== The problem ==
Write out all the entries below without any change.

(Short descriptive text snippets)

|---|

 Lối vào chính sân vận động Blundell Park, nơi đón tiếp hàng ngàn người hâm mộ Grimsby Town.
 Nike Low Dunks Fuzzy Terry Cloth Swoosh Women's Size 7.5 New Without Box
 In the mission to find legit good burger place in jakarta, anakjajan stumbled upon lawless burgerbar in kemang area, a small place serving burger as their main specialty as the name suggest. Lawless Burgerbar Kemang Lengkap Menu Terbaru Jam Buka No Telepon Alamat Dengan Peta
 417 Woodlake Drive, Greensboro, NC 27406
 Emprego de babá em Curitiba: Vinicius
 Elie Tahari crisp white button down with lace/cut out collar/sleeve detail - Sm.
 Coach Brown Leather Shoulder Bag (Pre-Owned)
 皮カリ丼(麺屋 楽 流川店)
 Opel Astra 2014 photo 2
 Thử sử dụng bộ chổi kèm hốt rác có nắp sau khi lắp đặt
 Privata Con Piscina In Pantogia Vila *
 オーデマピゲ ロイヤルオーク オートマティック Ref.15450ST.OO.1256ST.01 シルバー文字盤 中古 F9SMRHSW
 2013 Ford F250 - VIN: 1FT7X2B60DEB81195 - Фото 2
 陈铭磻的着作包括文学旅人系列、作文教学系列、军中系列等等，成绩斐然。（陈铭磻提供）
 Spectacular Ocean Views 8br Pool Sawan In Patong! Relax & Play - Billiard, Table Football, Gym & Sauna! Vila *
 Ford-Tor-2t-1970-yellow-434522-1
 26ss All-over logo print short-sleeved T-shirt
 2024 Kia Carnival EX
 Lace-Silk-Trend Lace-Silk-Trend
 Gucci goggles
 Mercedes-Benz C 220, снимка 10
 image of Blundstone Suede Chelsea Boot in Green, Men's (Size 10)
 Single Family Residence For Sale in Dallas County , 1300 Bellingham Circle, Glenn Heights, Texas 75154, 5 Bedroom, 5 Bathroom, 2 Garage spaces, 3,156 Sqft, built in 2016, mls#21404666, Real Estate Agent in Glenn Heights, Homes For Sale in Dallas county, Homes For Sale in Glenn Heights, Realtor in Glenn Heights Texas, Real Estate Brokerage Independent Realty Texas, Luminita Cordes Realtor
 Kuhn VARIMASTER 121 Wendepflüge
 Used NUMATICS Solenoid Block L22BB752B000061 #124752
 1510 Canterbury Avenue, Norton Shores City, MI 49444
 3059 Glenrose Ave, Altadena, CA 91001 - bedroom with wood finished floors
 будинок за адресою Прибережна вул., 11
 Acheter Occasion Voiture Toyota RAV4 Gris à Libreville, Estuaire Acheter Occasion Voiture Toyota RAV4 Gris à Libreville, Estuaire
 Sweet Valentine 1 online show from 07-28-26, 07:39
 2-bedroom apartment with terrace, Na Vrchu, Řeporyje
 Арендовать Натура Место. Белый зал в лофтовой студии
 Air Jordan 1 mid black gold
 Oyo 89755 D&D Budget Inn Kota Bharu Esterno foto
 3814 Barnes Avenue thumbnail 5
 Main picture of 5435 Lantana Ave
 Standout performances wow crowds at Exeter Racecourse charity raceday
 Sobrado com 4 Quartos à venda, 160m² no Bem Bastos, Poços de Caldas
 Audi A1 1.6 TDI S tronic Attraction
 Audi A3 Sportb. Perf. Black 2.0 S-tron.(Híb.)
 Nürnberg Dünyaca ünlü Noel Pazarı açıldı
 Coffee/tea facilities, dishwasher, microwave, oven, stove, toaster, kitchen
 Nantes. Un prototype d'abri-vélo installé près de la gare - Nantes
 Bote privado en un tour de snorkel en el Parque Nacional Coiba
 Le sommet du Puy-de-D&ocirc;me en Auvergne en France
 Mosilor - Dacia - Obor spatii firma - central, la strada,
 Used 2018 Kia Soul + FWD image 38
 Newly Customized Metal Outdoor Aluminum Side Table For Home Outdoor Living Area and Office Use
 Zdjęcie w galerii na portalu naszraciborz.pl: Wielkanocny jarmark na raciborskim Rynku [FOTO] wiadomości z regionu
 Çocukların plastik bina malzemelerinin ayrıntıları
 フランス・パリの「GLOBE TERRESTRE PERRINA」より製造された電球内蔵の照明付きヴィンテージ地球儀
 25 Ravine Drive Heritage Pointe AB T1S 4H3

|---|

== Task answer ==
 Lối vào chính sân vận động Blundell Park, nơi đón tiếp hàng ngàn người hâm mộ Grimsby Town.
 Nike Low Dunks Fuzzy Terry Cloth Swoosh Women's Size 7.5 New Without Box
 In the mission to find legit good burger place in jakarta, anakjajan stumbled upon lawless burgerbar in kemang area, a small place serving burger as their main specialty as the name suggest. Lawless Burgerbar Kemang Lengkap Menu Terbaru Jam Buka No Telepon Alamat Dengan Peta
 417 Woodlake Drive, Greensboro, NC 27406
 Emprego de babá em Curitiba: Vinicius
 Elie Tahari crisp white button down with lace/cut out collar/sleeve detail - Sm.
 Coach Brown Leather Shoulder Bag (Pre-Owned)
 皮カリ丼(麺屋 楽 流川店)
 Opel Astra 2014 photo 2
 Thử sử dụng bộ chổi kèm hốt rác có nắp sau khi lắp đặt
 Privata Con Piscina In Pantogia Vila *
 オーデマピゲ ロイヤルオーク オートマティック Ref.15450ST.OO.1256ST.01 シルバー文字盤 中古 F9SMRHSW
 2013 Ford F250 - VIN: 1FT7X2B60DEB81195 - Фото 2
 陈铭磻的着作包括文学旅人系列、作文教学系列、军中系列等等，成绩斐然。（陈铭磻提供）
 Spectacular Ocean Views 8br Pool Sawan In Patong! Relax & Play - Billiard, Table Football, Gym & Sauna! Vila *
 Ford-Tor-2t-1970-yellow-434522-1
 26ss All-over logo print short-sleeved T-shirt
 2024 Kia Carnival EX
 Lace-Silk-Trend Lace-Silk-Trend
 Gucci goggles
 Mercedes-Benz C 220, снимка 10
 image of Blundstone Suede Chelsea Boot in Green, Men's (Size 10)
 Single Family Residence For Sale in Dallas County , 1300 Bellingham Circle, Glenn Heights, Texas 75154, 5 Bedroom, 5 Bathroom, 2 Garage spaces, 3,156 Sqft, built in 2016, mls#21404666, Real Estate Agent in Glenn Heights, Homes For Sale in Dallas county, Homes For Sale in Glenn Heights, Realtor in Glenn Heights Texas, Real Estate Brokerage Independent Realty Texas, Luminita Cordes Realtor
 Kuhn VARIMASTER 121 Wendepflüge
 Used NUMATICS Solenoid Block L22BB752B000061 #124752
 1510 Canterbury Avenue, Norton Shores City, MI 49444
 3059 Glenrose Ave, Altadena, CA 91001 - bedroom with wood finished floors
 будинок за адресою Прибережна вул., 11
 Acheter Occasion Voiture Toyota RAV4 Gris à Libreville, Estuaire Acheter Occasion Voiture Toyota RAV4 Gris à Libreville, Estuaire
 Sweet Valentine 1 online show from 07-28-26, 07:39
 2-bedroom apartment with terrace, Na Vrchu, Řeporyje
 Арендовать Натура Место. Белый зал в лофтовой студии
 Air Jordan 1 mid black gold
 Oyo 89755 D&D Budget Inn Kota Bharu Esterno foto
 3814 Barnes Avenue thumbnail 5
 Main picture of 5435 Lantana Ave
 Standout performances wow crowds at Exeter Racecourse charity raceday
 Sobrado com 4 Quartos à venda, 160m² no Bem Bastos, Poços de Caldas
 Audi A1 1.6 TDI S tronic Attraction
 Audi A3 Sportb. Perf. Black 2.0 S-tron.(Híb.)
 Nürnberg Dünyaca ünlü Noel Pazarı açıldı
 Coffee/tea facilities, dishwasher, microwave, oven, stove, toaster, kitchen
 Nantes. Un prototype d'abri-vélo installé près de la gare - Nantes
 Bote privado en un tour de snorkel en el Parque Nacional Coiba
 Le sommet du Puy-de-D&ocirc;me en Auvergne en France
 Mosilor - Dacia - Obor spatii firma - central, la strada,
 Used 2018 Kia Soul + FWD image 38
 Newly Customized Metal Outdoor Aluminum Side Table For Home Outdoor Living Area and Office Use
 Zdjęcie w galerii na portalu naszraciborz.pl: Wielkanocny jarmark na raciborskim Rynku [FOTO] wiadomości z regionu
 Çocukların plastik bina malzemelerinin ayrıntıları
 フランス・パリの「GLOBE TERRESTRE PERRINA」より製造された電球内蔵の照明付きヴィンテージ地球儀
 25 Ravine Drive Heritage Pointe AB T1S 4H3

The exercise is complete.